PROBLEM. If a line of the data below holds the word "with", list it.

Data excerpts:
-------
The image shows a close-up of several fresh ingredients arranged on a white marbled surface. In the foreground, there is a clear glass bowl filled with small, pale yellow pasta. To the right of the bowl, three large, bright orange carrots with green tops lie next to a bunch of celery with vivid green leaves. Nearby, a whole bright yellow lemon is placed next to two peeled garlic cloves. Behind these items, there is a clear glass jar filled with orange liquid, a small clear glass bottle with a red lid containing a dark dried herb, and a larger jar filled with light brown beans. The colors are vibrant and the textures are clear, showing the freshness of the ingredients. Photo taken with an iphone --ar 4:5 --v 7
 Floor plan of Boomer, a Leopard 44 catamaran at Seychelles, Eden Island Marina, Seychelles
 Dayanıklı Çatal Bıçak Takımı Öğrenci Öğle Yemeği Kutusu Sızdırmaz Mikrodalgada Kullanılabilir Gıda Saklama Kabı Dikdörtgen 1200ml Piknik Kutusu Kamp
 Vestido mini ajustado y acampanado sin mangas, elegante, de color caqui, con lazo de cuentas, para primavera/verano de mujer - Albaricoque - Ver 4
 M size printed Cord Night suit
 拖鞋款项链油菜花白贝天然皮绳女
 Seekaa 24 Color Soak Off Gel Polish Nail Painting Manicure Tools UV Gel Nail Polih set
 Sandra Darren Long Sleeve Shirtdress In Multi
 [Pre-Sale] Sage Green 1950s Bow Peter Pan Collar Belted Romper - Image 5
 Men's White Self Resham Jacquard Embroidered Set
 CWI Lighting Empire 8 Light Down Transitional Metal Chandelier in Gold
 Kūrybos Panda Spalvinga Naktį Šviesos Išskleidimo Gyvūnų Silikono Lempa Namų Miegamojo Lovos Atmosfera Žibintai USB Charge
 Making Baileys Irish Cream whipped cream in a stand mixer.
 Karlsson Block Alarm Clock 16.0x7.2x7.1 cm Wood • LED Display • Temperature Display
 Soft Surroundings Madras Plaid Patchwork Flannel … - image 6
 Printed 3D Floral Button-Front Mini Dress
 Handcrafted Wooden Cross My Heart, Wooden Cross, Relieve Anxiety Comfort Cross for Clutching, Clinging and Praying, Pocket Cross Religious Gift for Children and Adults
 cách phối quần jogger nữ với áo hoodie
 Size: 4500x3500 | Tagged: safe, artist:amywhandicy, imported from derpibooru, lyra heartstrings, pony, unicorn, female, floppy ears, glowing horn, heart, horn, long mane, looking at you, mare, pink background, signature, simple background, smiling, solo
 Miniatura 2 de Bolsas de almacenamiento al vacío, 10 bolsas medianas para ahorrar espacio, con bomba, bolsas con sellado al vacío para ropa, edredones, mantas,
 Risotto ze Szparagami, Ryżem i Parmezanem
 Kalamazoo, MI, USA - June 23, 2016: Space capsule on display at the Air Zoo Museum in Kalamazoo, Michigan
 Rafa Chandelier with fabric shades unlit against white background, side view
-------
TASK OUTPUT.
The image shows a close-up of several fresh ingredients arranged on a white marbled surface. In the foreground, there is a clear glass bowl filled with small, pale yellow pasta. To the right of the bowl, three large, bright orange carrots with green tops lie next to a bunch of celery with vivid green leaves. Nearby, a whole bright yellow lemon is placed next to two peeled garlic cloves. Behind these items, there is a clear glass jar filled with orange liquid, a small clear glass bottle with a red lid containing a dark dried herb, and a larger jar filled with light brown beans. The colors are vibrant and the textures are clear, showing the freshness of the ingredients. Photo taken with an iphone --ar 4:5 --v 7
 Rafa Chandelier with fabric shades unlit against white background, side view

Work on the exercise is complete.